(Task inputs Opens)

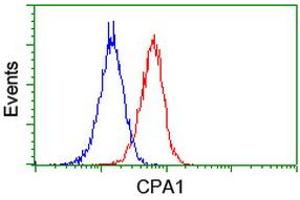 Image no. 2 for anti-Carboxypeptidase A1 (Pancreatic) (CPA1) antibody (ABIN1497590) (CPA1 抗体)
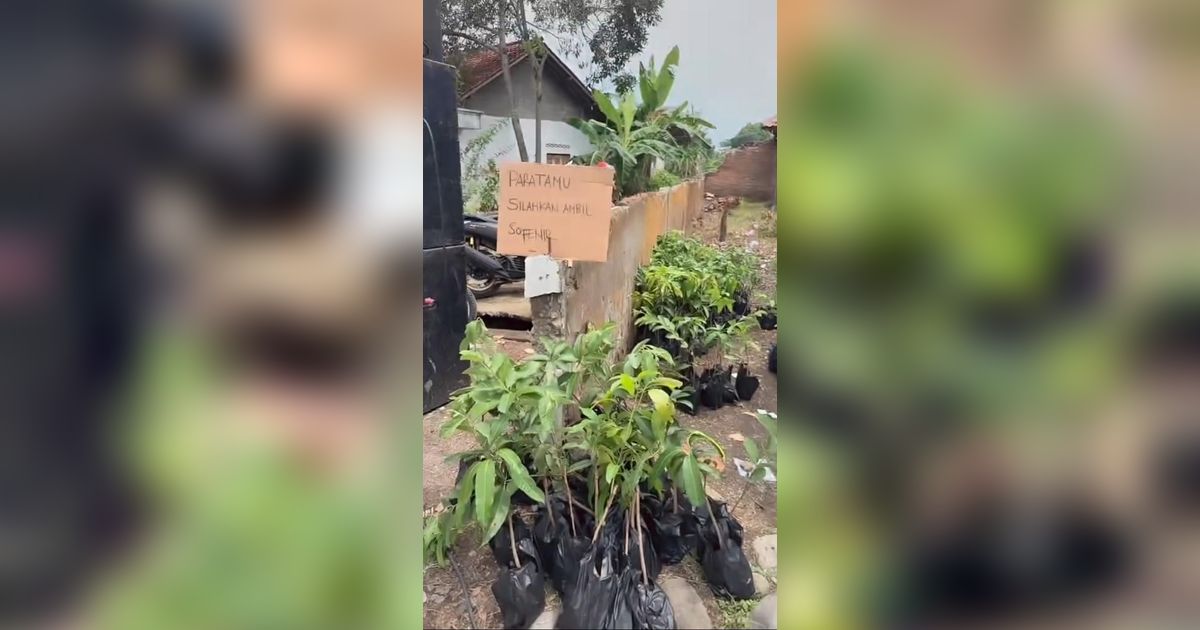 Viral Bibit Tanaman Jadi Souvenir Nikahan di Tegal, Anti Mainstream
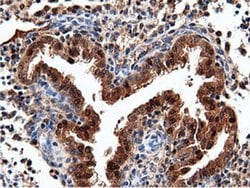 NT5DC1 Monoclonal Antibody (OTI2H8), TrueMAB , OriGene:Antibodies:Primary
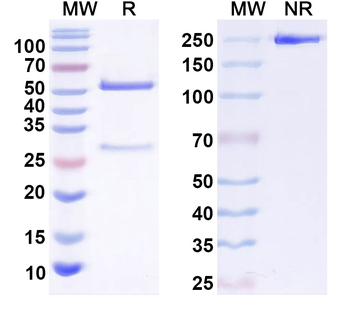 CXCL10/IP-10 Human Monoclonal Antibody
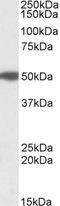 RP3 antibody, 42-510, ProSci, Enzyme Linked Immunosorbent Assay image 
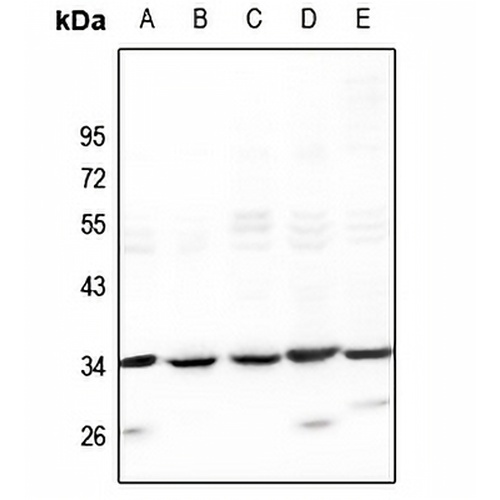 ODC Rabbit Polyclonal Antibody
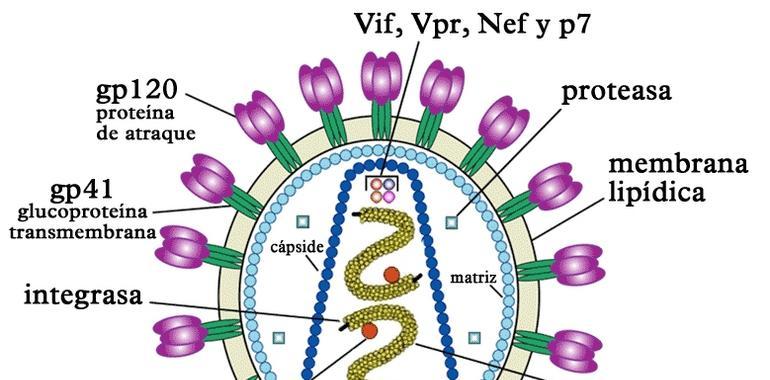Identifican seis genes que predicen la evolución del VIH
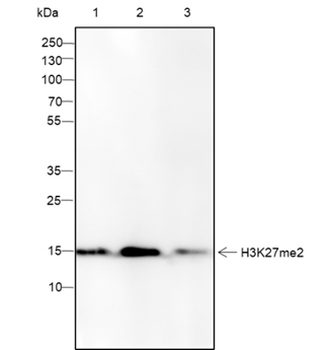 Di-Methyl-Histone H3 (Lys27) Recombinant Mouse Monoclonal Antibody
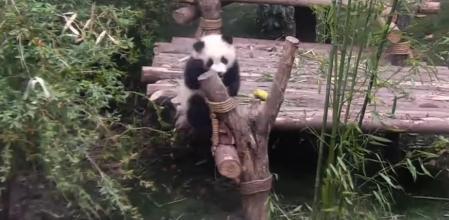 El oso panda que se ha hecho viral por agararrse a la pierna de su cuidador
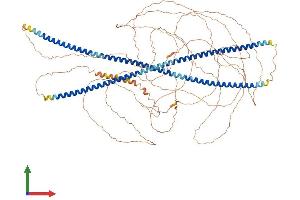 AlphaFold protein structure predicition of Mouse Recombinant Nefh Protein, UniprotID P19246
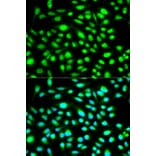 Anti-Cyclin H Antibody from Bioworld Technology (BS6099) - Antibodies.com
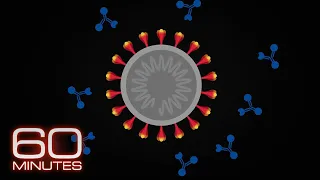 How do coronavirus variants form and will the current vaccines work against them?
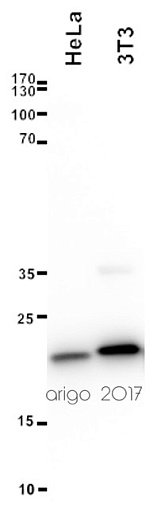 Вестерн-блоттинг: 20 мкг лизатов клеток HeLa и 3T3, окрашенных антителами anti-Bax antibody в разведении 1:3000.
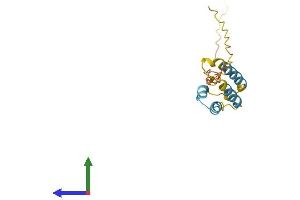 Protein Structure (PS) image for Protein Phosphatase 1, Regulatory (Inhibitor) Subunit 14A (PPP1R14A) (AA 1-147) protein (His tag) (ABIN7550948)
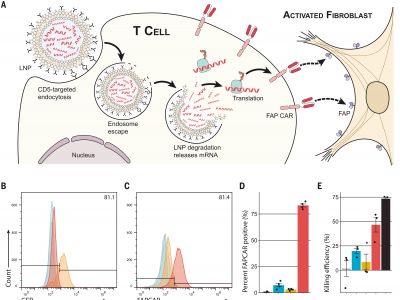 CAR T cells produced in vivo to treat cardiac injury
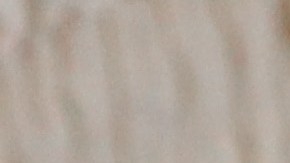 La sonrisa que el abuelo le regaló a su pareja provocó ternura en redes sociales, haciéndose viral en pocas horas.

(Task inputs Closes)

# [What the task asks]
When you reach the line with "AlphaFold protein structure" in the records above, begin repeating the lines exactly, and stop after the line with "How do coronavirus". Skip all pictures.

# [Solved problem]
 AlphaFold protein structure predicition of Mouse Recombinant Nefh Protein, UniprotID P19246
 Anti-Cyclin H Antibody from Bioworld Technology (BS6099) - Antibodies.com
 How do coronavirus variants form and will the current vaccines work against them?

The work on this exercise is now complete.